Vinyl -> 24/96: Rip once, rip right, never rip again

Reply #21
Even with a (good) vinyl source, noise shaping is necessary to avoid adding to the audible noise background.

Vinyl -> 24/96: Rip once, rip right, never rip again

Reply #22
Even with a (good) vinyl source, noise shaping is necessary to avoid adding to the audible noise background.

I don't think so. Vinyl background noise is much higher than 16-bit background noise, so you don't need to use any kind of dithering when converting it to 16 bit. Anyway, in case you still want to use dither, use flat dither, it won't do anything to the source, it's faster and is, as its name implies, spectrally flat. ATH Noise shaping will probably add some HF noise.

Vinyl -> 24/96: Rip once, rip right, never rip again

Reply #23
Its true that dither isn't often really needed. The primary results of dither/no dither aren't audible even in the purest live recordings until the levels get very low. However, with a good vinyl transfer and judicious NR, fades can get down to about the level where it starts to make a difference.

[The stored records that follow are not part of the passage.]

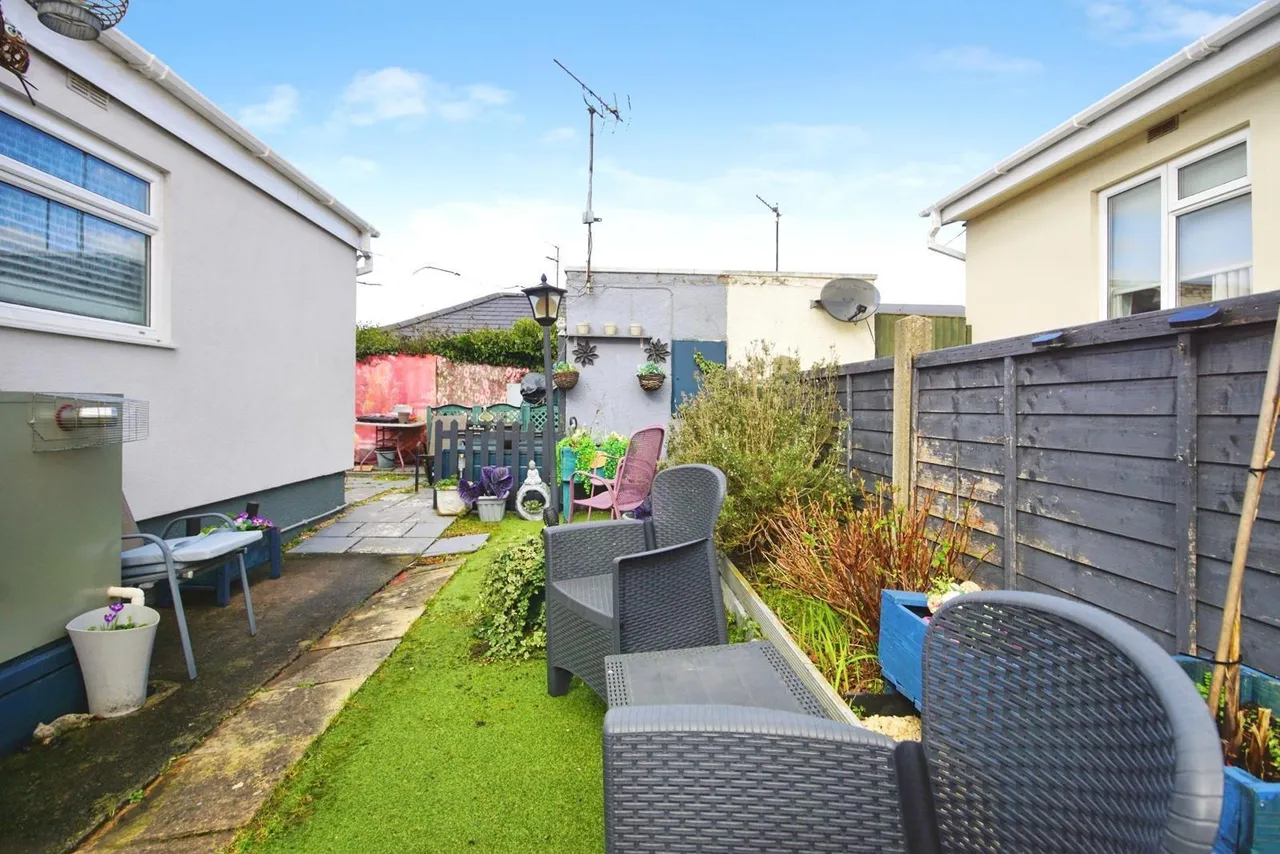 Berkeley Vale Park, Berkeley, GL13, photo 19
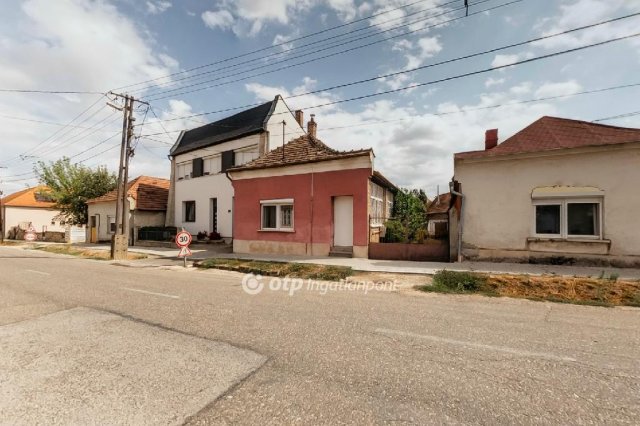 Eladó családi ház, Süttőn 33 M Ft, 3 szobás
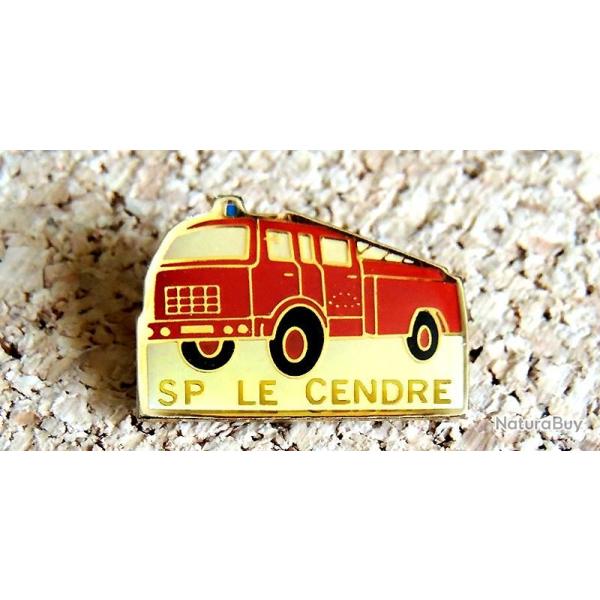 Pin's SAPEURS POMPIERS - Camion des SP de LE CENDRE 63 - verni �poxy - fabricant CMT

If you are using dither I guess you can argue for whtever appeals to you. I like haveing it mostly above 18kHz where I'm never going to hear it.

Vinyl -> 24/96: Rip once, rip right, never rip again

Reply #24

I digitize analog (SACDs in this case) at 88/24 rather than 96, only because 88-->44 would seem a simpler transform, and uses somewhat less space/processing time than 96.  Am I being superstitious?


88 to 44 is no simplier then 96 to 48.  If you're planning on using 44, then 88 makes sense, but given that everything supports 48k these days, and a lot of cards don't support 44.1, I don't see the need to worry about 44.1 for an analog source.


I do resample to 44.1 as a last step, as much out of habit as out of the rare instance where I actually burn the .wavs back to CDR for playback in a CD or DVD player.  FWIW, I rarely digitize LPs, and when I do, I don't use 88.2, I use plain old 44.1. 



yeah... the Nyquist theorem is enough. We don't need LP's, SACD's, or DVD-Audio, and ripping anything higher than the standards it's only placebo. A perfectly mastered CD sounds just fine.



Correct. 

The 'need' for higher sampling rates and bitdepths *for home playback delivery formats* has never been established in fact.  The utility of 24 bits for recording / production is not in doubt.  The Nyquist theorem has been extremely well established to be 'enough' if by that you mean, enough to determine the parameters for sampling needed to capture whatever desired bandwith.